* **Web page caption snippets**
↓

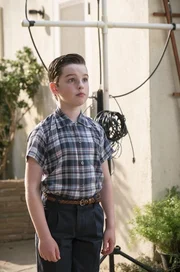 Sheldon Cooper (Iain Armitage)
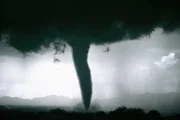Tornados bilden sich, wenn feuchtwarme Luftmassen aus dem Süden auf kalte Strömungen aus dem Norden treffen. Die instabile Wetterlage lässt bis zu 18 Kilometer hohe Gewitterwolken, sogenannte Superzellen, entstehen.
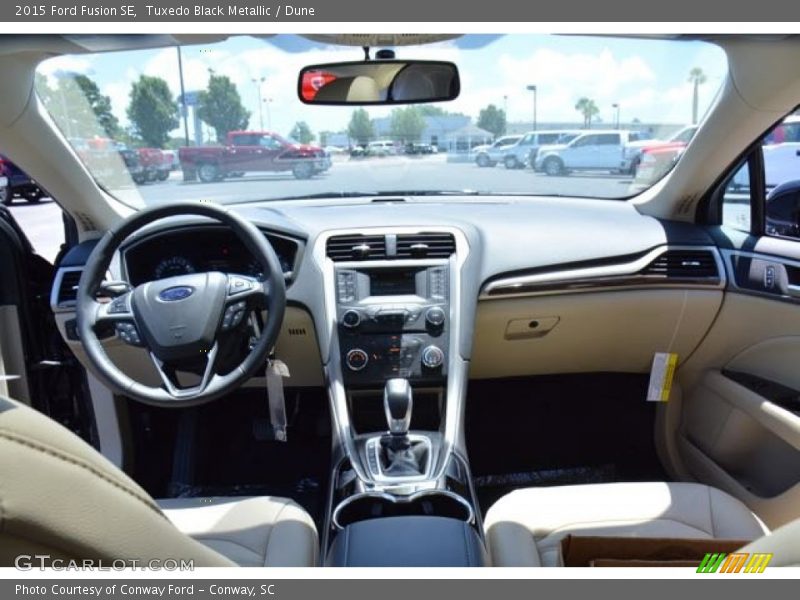 Tuxedo Black Metallic / Dune 2015 Ford Fusion SE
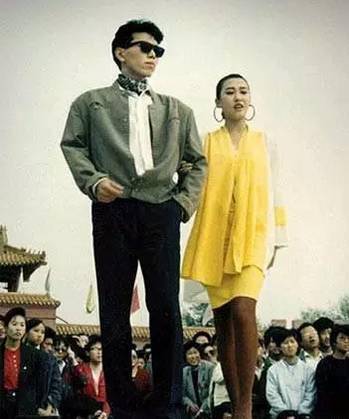 年代|90年代的成都，竟然也有这么时尚的街拍！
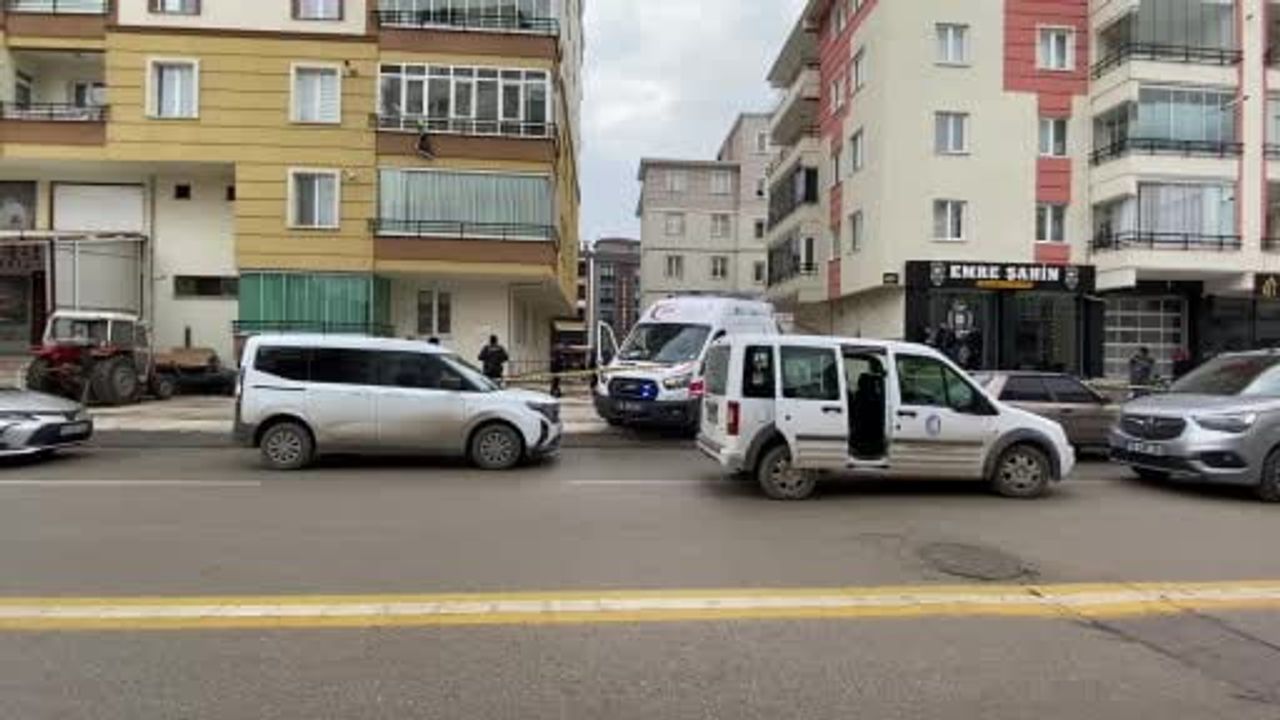 Çorum'da 8. kattan düşen 50 yaşındaki adam hayatını kaybetti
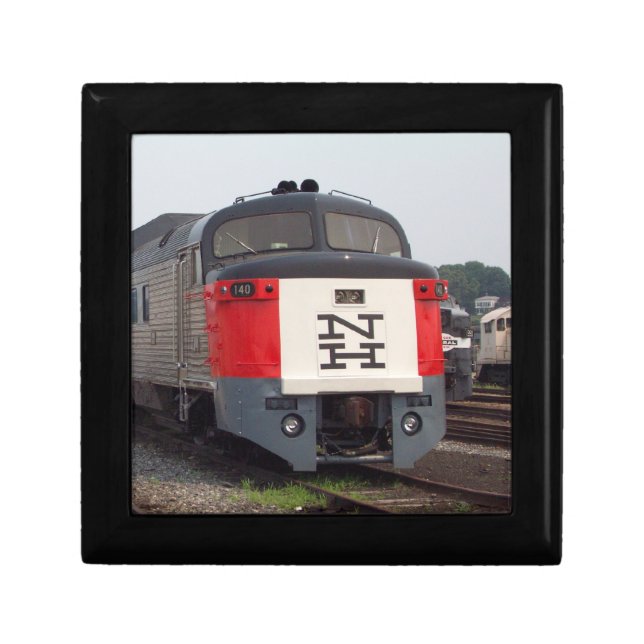The Roger Williams Train Set        Gift Box (Front)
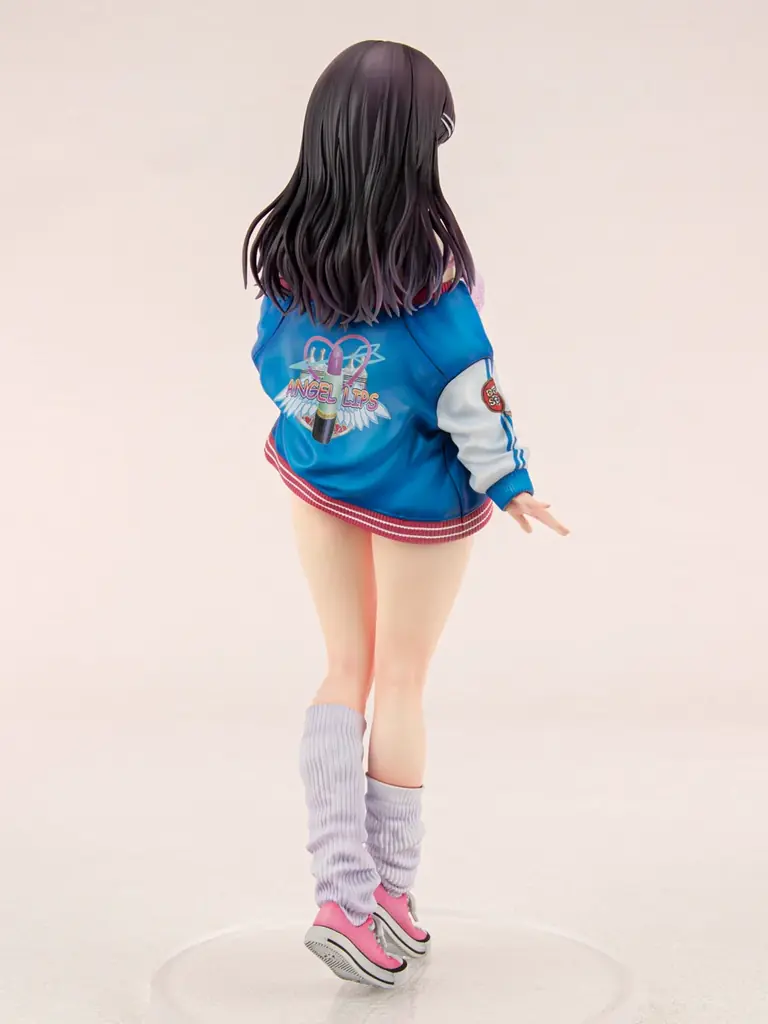 大人気イラストレーター、緒方てい先生が描く『スカジャン彼女はクールでいたい! 神楽京香』がフィギュアで登場。あみあみ限定でご案内中。 画像 9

↑

* **EXERCISE DESCRIPTION**
Please reproduce the entries above line by line, exactly, leaving out each image.

* **ANSWER SECTION**
 Sheldon Cooper (Iain Armitage)
Tornados bilden sich, wenn feuchtwarme Luftmassen aus dem Süden auf kalte Strömungen aus dem Norden treffen. Die instabile Wetterlage lässt bis zu 18 Kilometer hohe Gewitterwolken, sogenannte Superzellen, entstehen.
 Tuxedo Black Metallic / Dune 2015 Ford Fusion SE
 年代|90年代的成都，竟然也有这么时尚的街拍！
 Çorum'da 8. kattan düşen 50 yaşındaki adam hayatını kaybetti
The Roger Williams Train Set        Gift Box (Front)
 大人気イラストレーター、緒方てい先生が描く『スカジャン彼女はクールでいたい! 神楽京香』がフィギュアで登場。あみあみ限定でご案内中。 画像 9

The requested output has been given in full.